(Beginning of RECORDS SUPPLIED)
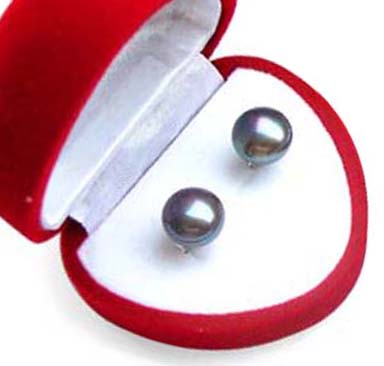 Black 9-9.5mm Large Genuine Pearl Stud Earrings, 925 SS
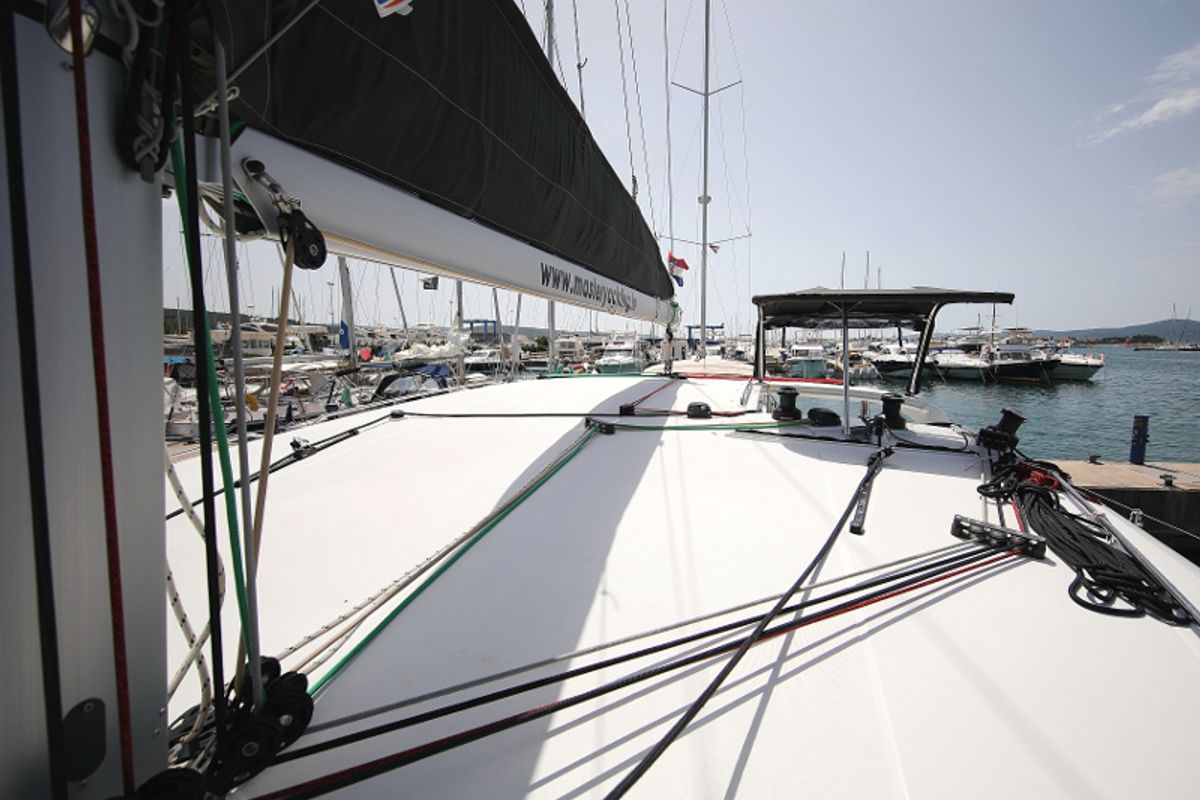 Deck of Scirocco, a Lagoon 400 S2 catamaran at Općina Sukošan, Croatia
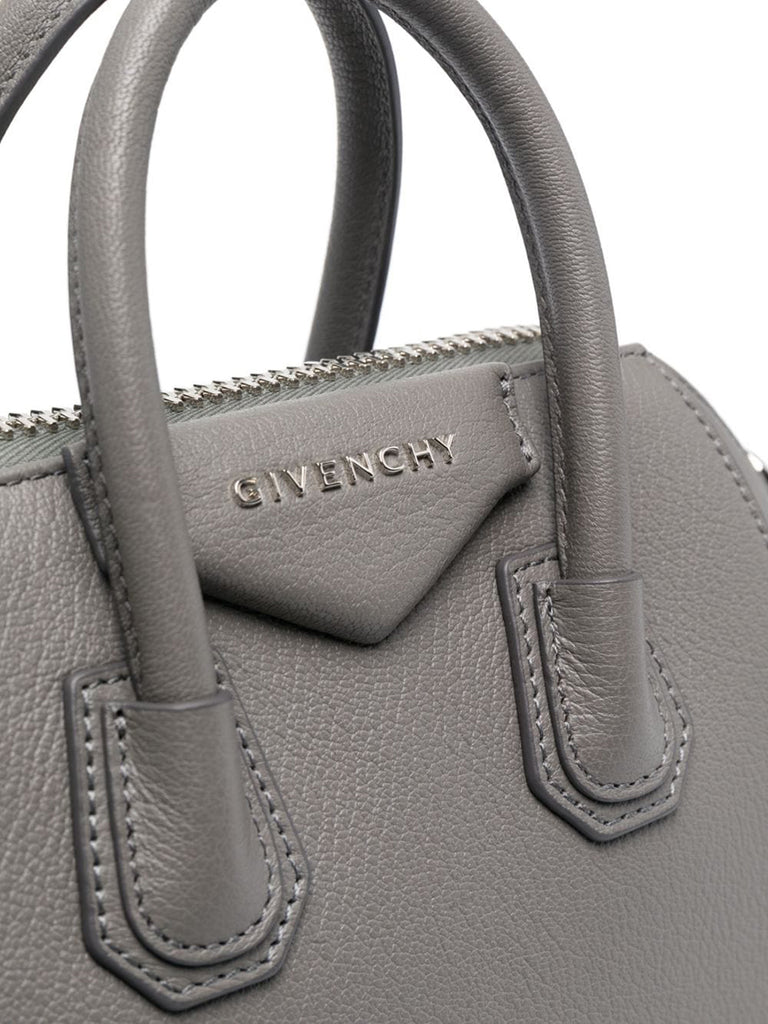 Givenchy Mini Antigona Bag in Grained Leather Grey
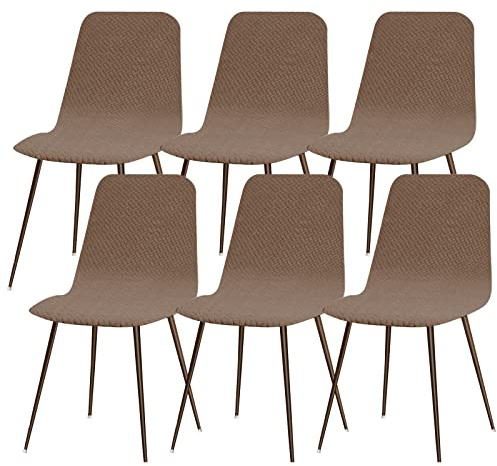 Lydevo Stuhlhussen 6er Esszimmer Strech Stuhlhussen für Esszimmerstühle Universal Waschbar Bezug Stuhlhussen Skandinavisch Stuhlüberzug für Küchenstühle Hotel Bankett,Diagonal#Kamel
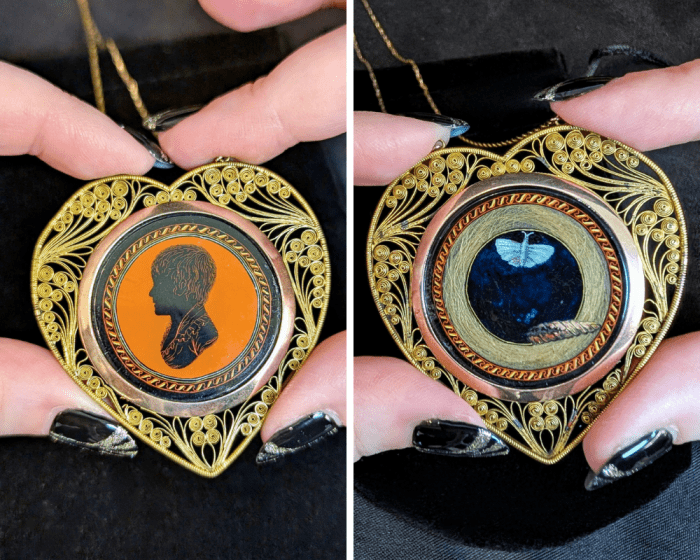 This gold pendant has hair, a seashell, and a moth preserved on the back and a portrait on the front! From Sandy Jacobs Antiques, at NYCJAOS.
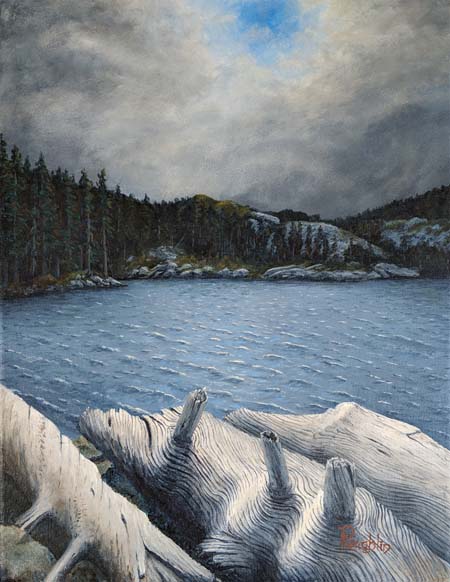 Painting of rainstorm over a mountain lake, with bleached logs in foreground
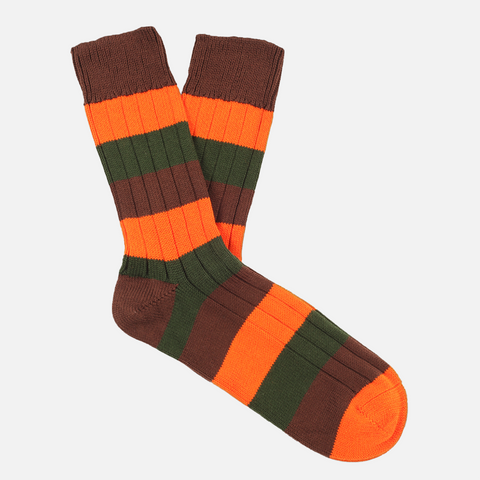 Chocolate / tango/ dark green Cotton 3 Colour Stripe Sock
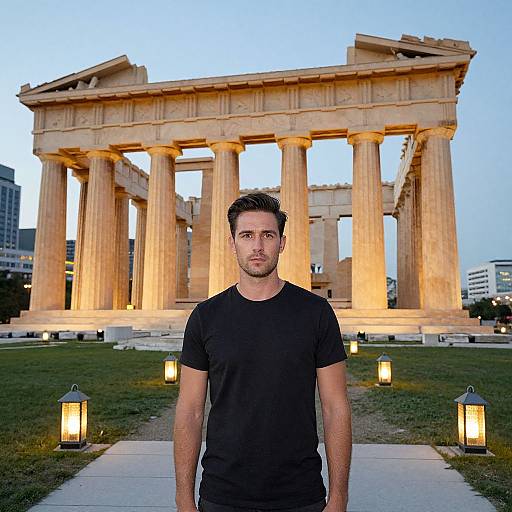 Photograph of a young man with short dark hair and light stubble, wearing a black t-shirt, standing in front of an illuminated Parthenon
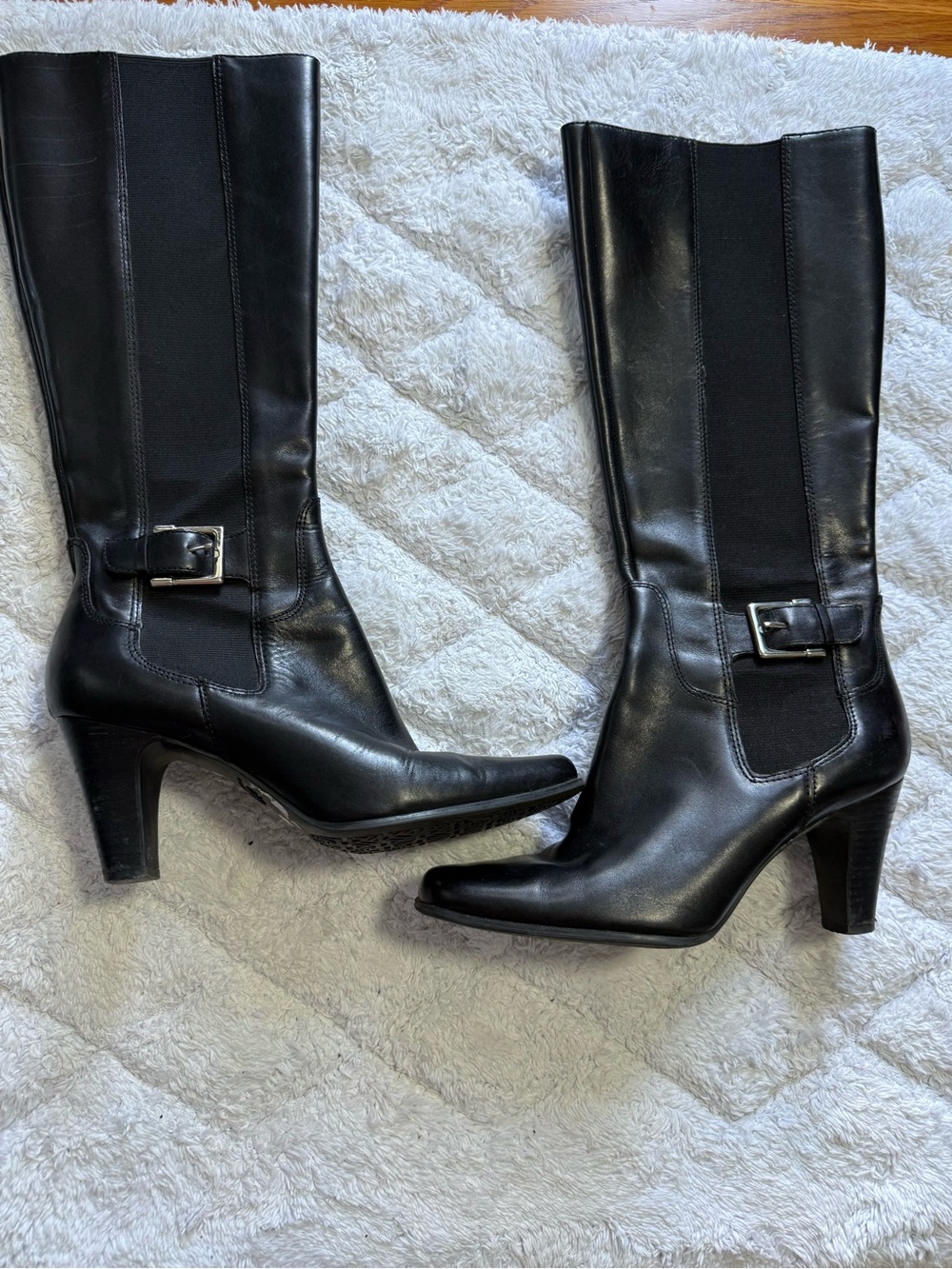 Anne Klein Black Leather Mid-Calf Heeled Boots with Buckle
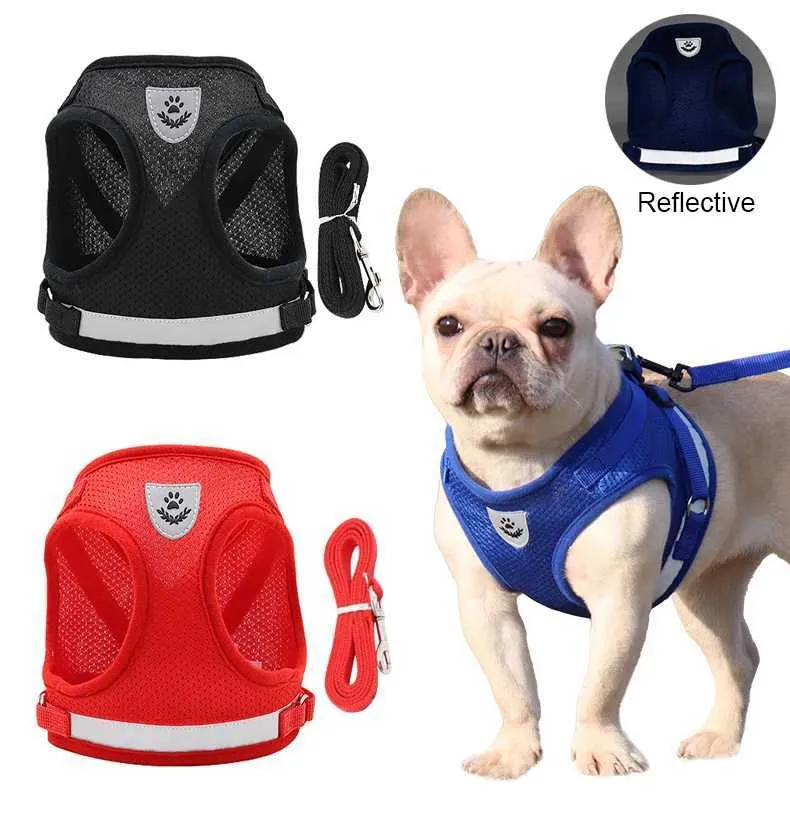 Hondenkragen ontleende vest harnas zomerdier instelbare reflecterende wandel lood voor kleine honden katten puppy chihuahua tractie touw h240506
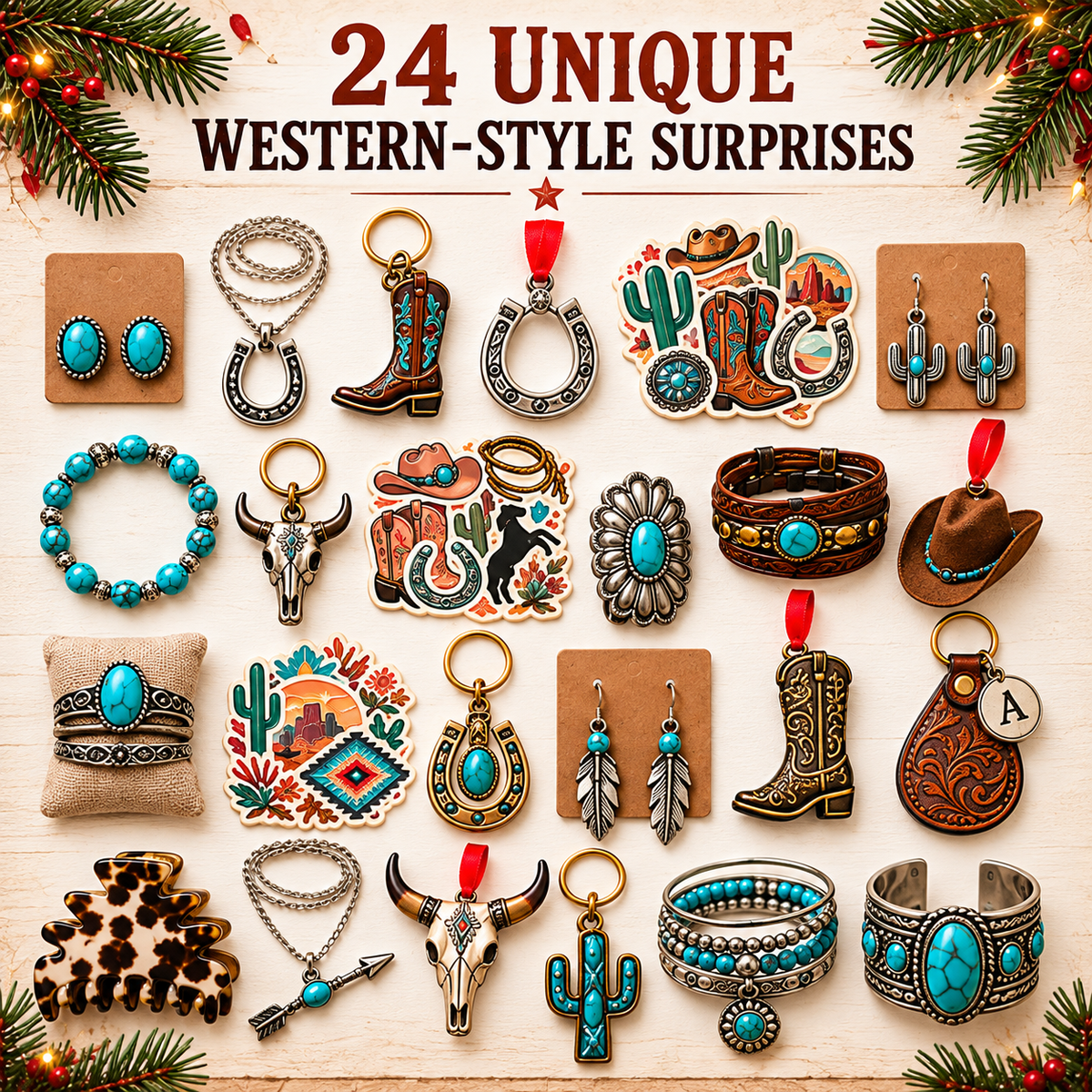 ⏳ Last Day 50% OFF-🤠24-Day Cowgirl Christmas Countdown Calendar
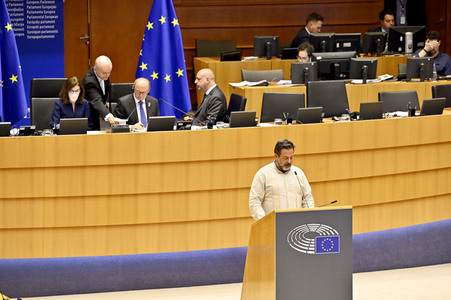 Plenartagung zu der Tötung der Journalistin Shireen Abu Akleh EU-Parlament in Brüssel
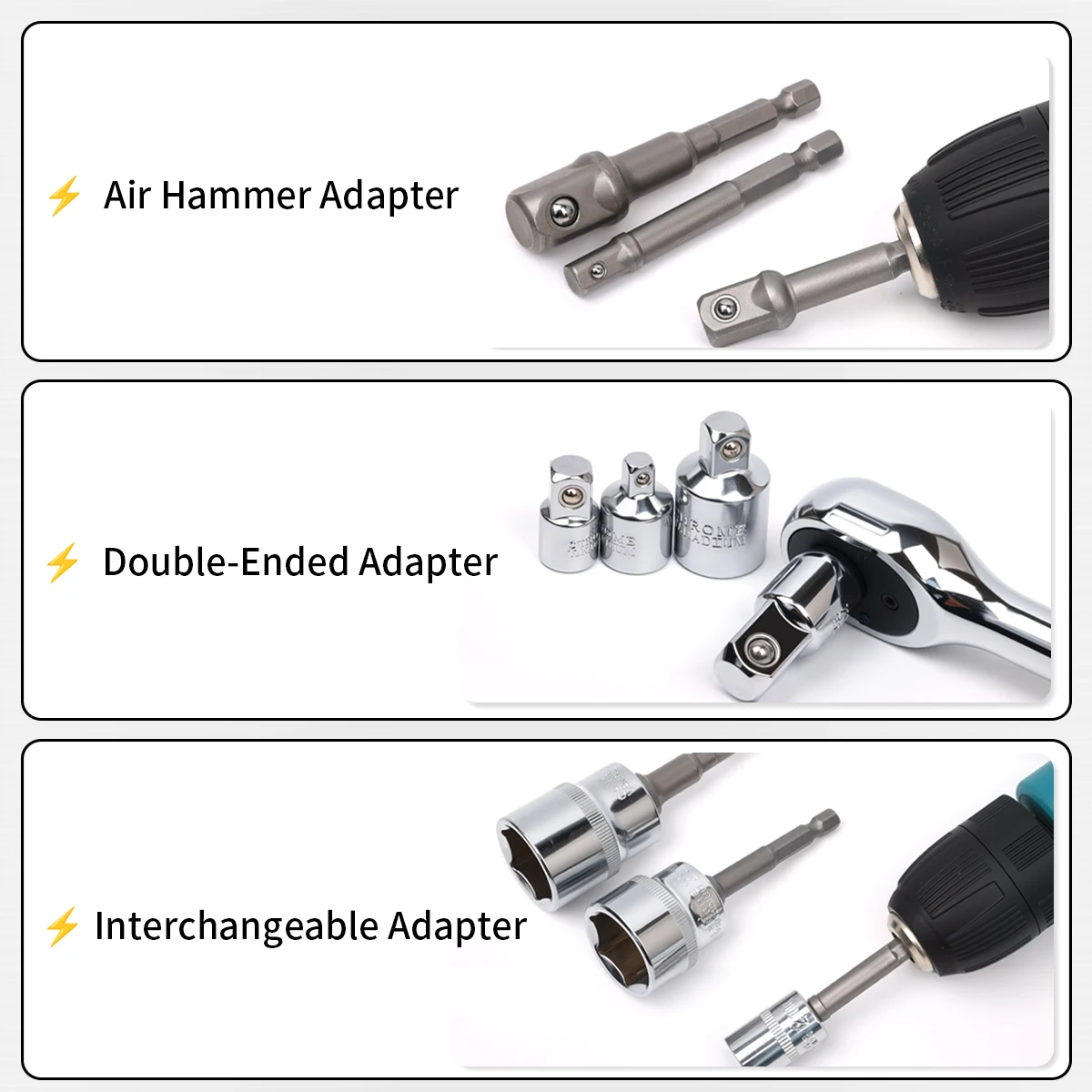Juego de adaptador de cabezal convertidor de llave de trinquete, soporte de broca de tuerca de 6 puntos, herramienta de reparación de accionamiento de destornillador, 15 Uds.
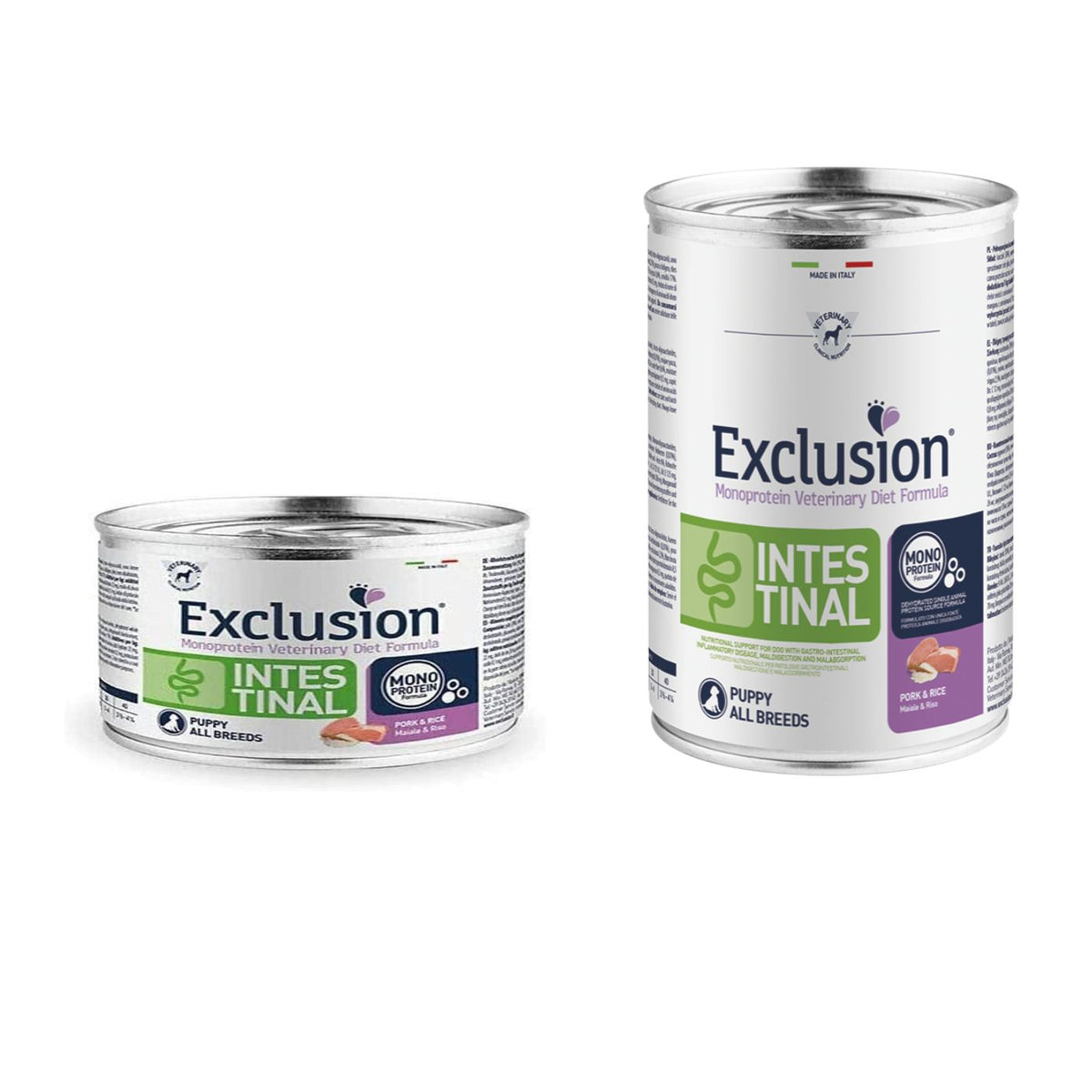 Exclusion Diet Intestinal Puppy All Breeds Maiale e Riso Alimento Umido Monoproteico per Cuccioli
(End of RECORDS SUPPLIED)
Your answer must be the exact lines from the records above, from the one containing "Lydevo Stuhlhussen 6er" through the one containing "Anne Klein Black", both included, with every picture left out.

→ OUTPUT OF THE TASK
 Lydevo Stuhlhussen 6er Esszimmer Strech Stuhlhussen für Esszimmerstühle Universal Waschbar Bezug Stuhlhussen Skandinavisch Stuhlüberzug für Küchenstühle Hotel Bankett,Diagonal#Kamel
 This gold pendant has hair, a seashell, and a moth preserved on the back and a portrait on the front! From Sandy Jacobs Antiques, at NYCJAOS.
 Painting of rainstorm over a mountain lake, with bleached logs in foreground
 Chocolate / tango/ dark green Cotton 3 Colour Stripe Sock
 Photograph of a young man with short dark hair and light stubble, wearing a black t-shirt, standing in front of an illuminated Parthenon
 Anne Klein Black Leather Mid-Calf Heeled Boots with Buckle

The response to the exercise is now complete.